The traditional version of sex is that the man has a good time no matter what, then turns over and begins to snore, oblivious of his partner.
Whereas the woman often finds herself left in limbo, sometimes orgasmless, and is left staring into the darkness.
Now it seems that men can find sex as unfulfilling as women but they’ve been keeping this guilty secret to themselves for years. To confess that “the earth didn’t move” would be seen as less than manly.
Not only do they have a reputation for nodding off afterwards, it seems even good sex can make some men feel depressed too. In fact, they can become so sad and emotional that they suffer post-coital dysphoria (PCD), according to a report.
PCD is described as negative feelings of unhappiness and black moods amounting to a sense of worthlessness.
Until now, it was assumed that only women suffer PCD, with nearly half reporting feelings of sadness, depression, anxiety and tearfulness at some point. But in recent years doctors have heard complaints from male patients that they can go into deep depression and feel achy and irritable for hours after sex.
The report’s author, Professor Robert Schweitzer, of Queensland University of Technology in Australia, has studied data from both genders, and says PCD is “not uncommon” in men. He said: “There is a wide range of responses in the period of time immediately following sexual activity, known as the resolution phase.”
When they’ve had orgasms, both men and women experience a phase of resolution after sex, and this phase is different in both genders. Normally the penis becomes flaccid quite quickly and once it’s returned to its normal size, a man will relax and feel sleepy.

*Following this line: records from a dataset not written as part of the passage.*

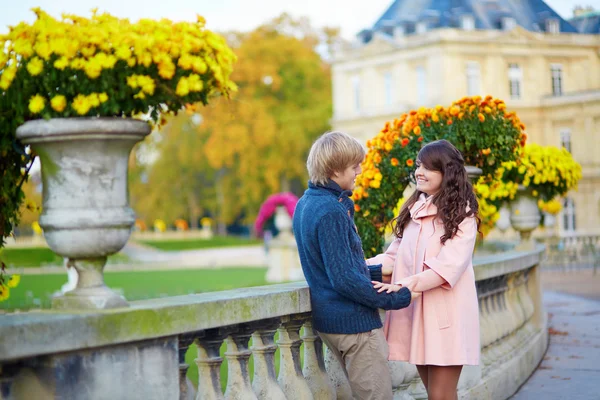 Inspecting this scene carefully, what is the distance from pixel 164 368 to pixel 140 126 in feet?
3.03

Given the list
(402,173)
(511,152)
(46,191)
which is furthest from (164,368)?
(511,152)

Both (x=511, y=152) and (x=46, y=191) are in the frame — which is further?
(x=511, y=152)

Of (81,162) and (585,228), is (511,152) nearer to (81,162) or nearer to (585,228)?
(81,162)

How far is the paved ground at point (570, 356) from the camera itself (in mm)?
6812

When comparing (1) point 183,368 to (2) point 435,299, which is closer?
(1) point 183,368

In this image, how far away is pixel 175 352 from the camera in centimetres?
373

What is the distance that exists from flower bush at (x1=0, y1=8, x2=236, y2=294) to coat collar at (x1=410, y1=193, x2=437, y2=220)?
1.30 meters

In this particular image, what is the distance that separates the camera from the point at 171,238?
201 ft

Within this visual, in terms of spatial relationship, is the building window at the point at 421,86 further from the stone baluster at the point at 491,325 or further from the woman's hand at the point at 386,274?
the woman's hand at the point at 386,274

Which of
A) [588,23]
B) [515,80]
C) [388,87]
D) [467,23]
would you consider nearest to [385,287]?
[467,23]

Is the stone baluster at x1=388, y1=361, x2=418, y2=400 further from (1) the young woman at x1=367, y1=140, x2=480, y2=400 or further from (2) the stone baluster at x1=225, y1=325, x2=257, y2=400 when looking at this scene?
(2) the stone baluster at x1=225, y1=325, x2=257, y2=400

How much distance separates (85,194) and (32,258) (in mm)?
46390

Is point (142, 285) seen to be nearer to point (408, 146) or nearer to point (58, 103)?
point (408, 146)

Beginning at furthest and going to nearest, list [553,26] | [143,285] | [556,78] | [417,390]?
[553,26] → [556,78] → [143,285] → [417,390] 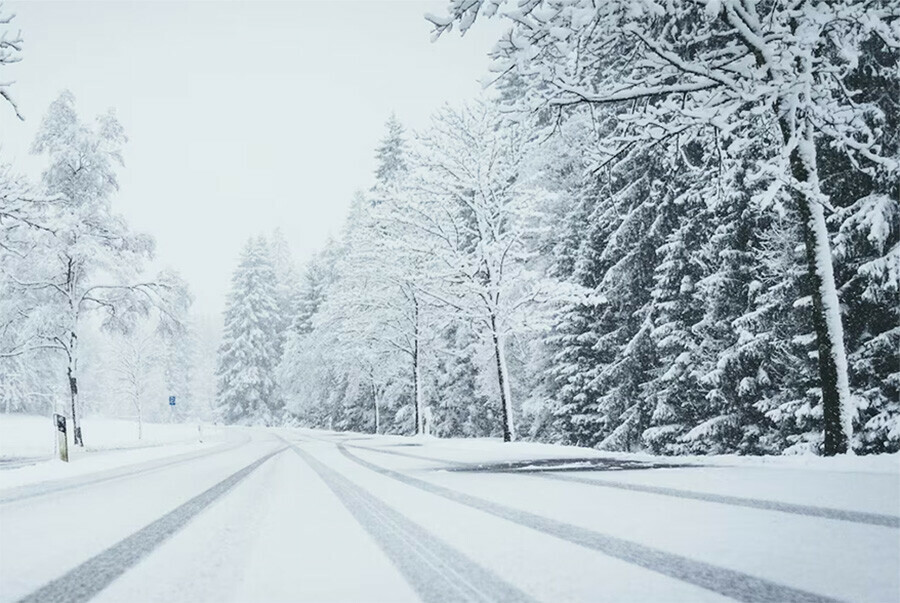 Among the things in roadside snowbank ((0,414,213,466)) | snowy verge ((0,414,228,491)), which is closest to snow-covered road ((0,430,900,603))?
snowy verge ((0,414,228,491))

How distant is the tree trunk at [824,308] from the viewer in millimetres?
7277

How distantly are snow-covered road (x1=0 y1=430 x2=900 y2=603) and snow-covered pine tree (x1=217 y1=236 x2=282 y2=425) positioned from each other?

But with women it takes some time for the vagina to return to normal after orgasm, up to 15 minutes. So men and women are usually out of sync.
If a woman doesn’t have an orgasm, swelling of the clitoris may last for several hours. Not surprising then that some people like to cuddle, others like to be alone and there are others who experience what’s described as post-sex blues.
Psychotherapist and sex therapist Phillip Hodson said: “The sadness some men feel at this point may be due to the contrast between the joy of arousal and feeling like a superhero and the sensation of the feel-good hormones wearing off.”
And while women have a reputation for becoming emotional after sex, he added: “I think men get emotional too, but they don’t show it.”